+++ INFORMATION GIVEN
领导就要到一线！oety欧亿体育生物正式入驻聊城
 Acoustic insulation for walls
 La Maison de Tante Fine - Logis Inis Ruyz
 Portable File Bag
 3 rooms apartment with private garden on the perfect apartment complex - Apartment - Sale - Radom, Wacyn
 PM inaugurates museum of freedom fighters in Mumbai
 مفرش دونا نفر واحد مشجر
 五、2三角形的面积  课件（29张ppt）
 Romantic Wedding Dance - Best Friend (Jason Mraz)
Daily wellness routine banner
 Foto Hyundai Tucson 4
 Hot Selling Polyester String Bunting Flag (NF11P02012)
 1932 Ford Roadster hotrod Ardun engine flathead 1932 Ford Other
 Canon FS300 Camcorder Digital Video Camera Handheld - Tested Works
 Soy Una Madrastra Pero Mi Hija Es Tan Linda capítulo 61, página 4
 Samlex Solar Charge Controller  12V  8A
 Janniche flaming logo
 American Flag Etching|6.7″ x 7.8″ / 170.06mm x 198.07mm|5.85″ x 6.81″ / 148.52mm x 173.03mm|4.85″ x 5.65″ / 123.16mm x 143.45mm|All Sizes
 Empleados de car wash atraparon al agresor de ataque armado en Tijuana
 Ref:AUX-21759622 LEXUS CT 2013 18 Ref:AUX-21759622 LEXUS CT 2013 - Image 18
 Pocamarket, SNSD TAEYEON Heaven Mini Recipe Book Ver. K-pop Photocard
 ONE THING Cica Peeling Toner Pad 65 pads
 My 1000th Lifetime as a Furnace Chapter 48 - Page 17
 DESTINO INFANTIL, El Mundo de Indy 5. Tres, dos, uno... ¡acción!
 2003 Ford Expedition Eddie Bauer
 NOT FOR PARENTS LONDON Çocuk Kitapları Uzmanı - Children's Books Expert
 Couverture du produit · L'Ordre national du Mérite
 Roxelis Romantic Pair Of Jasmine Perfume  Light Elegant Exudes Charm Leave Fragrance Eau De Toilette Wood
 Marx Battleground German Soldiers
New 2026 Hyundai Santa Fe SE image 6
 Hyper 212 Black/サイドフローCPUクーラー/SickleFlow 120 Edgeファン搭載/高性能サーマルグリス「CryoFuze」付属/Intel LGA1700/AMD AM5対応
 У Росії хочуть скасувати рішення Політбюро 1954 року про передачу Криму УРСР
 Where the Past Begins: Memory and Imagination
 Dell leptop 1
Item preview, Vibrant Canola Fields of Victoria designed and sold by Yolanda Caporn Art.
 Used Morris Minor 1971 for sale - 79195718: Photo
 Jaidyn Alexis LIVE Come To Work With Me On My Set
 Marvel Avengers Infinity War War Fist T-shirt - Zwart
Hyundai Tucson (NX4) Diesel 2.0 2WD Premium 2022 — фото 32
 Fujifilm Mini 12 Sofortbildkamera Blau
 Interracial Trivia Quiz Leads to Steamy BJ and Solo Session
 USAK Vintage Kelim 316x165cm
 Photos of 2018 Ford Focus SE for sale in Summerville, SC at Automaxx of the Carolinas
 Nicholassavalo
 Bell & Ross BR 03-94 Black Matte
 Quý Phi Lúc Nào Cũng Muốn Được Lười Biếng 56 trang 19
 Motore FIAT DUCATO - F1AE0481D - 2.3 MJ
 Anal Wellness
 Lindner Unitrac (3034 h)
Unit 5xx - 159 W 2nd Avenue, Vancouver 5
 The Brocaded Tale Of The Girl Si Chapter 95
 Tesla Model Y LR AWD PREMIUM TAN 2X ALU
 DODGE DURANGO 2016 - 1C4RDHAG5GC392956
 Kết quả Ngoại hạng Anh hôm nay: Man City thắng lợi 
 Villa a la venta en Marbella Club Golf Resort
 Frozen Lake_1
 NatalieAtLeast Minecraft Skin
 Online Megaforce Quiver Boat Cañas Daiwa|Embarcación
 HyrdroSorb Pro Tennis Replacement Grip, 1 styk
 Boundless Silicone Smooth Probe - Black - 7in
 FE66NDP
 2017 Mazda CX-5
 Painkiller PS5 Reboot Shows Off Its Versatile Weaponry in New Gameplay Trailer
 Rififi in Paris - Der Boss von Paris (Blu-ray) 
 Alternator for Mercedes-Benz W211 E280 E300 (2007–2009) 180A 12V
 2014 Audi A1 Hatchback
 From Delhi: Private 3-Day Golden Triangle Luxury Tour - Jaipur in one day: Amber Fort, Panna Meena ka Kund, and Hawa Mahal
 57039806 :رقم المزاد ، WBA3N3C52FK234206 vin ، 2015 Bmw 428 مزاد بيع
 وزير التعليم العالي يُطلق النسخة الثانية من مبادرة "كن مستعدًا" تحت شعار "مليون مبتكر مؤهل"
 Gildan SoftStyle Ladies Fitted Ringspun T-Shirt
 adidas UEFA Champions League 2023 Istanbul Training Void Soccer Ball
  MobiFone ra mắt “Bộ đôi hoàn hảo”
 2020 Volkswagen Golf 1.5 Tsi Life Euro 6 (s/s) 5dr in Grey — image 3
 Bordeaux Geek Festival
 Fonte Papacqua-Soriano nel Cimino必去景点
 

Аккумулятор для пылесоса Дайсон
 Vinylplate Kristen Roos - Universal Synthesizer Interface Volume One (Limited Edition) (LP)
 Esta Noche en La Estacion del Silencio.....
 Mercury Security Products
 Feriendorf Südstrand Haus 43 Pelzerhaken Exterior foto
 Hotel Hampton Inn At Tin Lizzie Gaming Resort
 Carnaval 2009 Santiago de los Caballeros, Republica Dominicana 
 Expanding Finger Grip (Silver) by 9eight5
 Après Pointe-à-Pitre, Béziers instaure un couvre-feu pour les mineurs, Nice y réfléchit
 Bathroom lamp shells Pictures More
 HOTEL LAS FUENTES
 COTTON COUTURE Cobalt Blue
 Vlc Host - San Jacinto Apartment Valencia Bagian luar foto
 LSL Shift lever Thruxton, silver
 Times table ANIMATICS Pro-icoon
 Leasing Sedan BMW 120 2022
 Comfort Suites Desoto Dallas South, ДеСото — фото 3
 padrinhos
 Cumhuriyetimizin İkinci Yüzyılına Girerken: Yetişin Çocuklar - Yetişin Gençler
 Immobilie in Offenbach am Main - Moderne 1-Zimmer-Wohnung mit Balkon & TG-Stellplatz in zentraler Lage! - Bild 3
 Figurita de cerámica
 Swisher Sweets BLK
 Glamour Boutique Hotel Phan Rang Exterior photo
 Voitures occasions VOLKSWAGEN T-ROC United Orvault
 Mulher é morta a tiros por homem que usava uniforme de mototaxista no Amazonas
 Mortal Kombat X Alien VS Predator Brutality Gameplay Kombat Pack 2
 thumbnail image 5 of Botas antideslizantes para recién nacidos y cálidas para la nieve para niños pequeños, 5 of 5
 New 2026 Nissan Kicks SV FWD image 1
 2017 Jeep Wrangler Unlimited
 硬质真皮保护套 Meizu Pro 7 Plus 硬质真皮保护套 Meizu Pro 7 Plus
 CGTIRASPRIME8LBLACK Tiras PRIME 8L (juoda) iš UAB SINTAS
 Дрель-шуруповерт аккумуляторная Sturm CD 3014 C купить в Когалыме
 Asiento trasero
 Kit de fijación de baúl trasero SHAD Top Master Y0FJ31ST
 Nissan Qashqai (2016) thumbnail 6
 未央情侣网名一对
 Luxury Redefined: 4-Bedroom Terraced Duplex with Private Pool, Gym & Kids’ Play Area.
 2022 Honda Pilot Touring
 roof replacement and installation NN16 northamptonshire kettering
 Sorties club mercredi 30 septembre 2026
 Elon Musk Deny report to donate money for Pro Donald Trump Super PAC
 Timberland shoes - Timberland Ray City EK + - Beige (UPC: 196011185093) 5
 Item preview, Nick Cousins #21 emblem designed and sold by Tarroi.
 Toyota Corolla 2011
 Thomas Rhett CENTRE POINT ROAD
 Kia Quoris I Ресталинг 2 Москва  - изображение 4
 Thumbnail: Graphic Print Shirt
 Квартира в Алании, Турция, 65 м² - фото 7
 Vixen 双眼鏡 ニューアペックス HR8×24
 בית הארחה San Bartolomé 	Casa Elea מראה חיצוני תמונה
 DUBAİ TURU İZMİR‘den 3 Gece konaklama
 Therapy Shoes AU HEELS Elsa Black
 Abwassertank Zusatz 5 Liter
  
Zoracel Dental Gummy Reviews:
++++++
> **EXERCISE DESCRIPTION**
When a line contains the string "City", copy it from the records.

> **TASK OUTPUT**
 Kết quả Ngoại hạng Anh hôm nay: Man City thắng lợi 
 Timberland shoes - Timberland Ray City EK + - Beige (UPC: 196011185093) 5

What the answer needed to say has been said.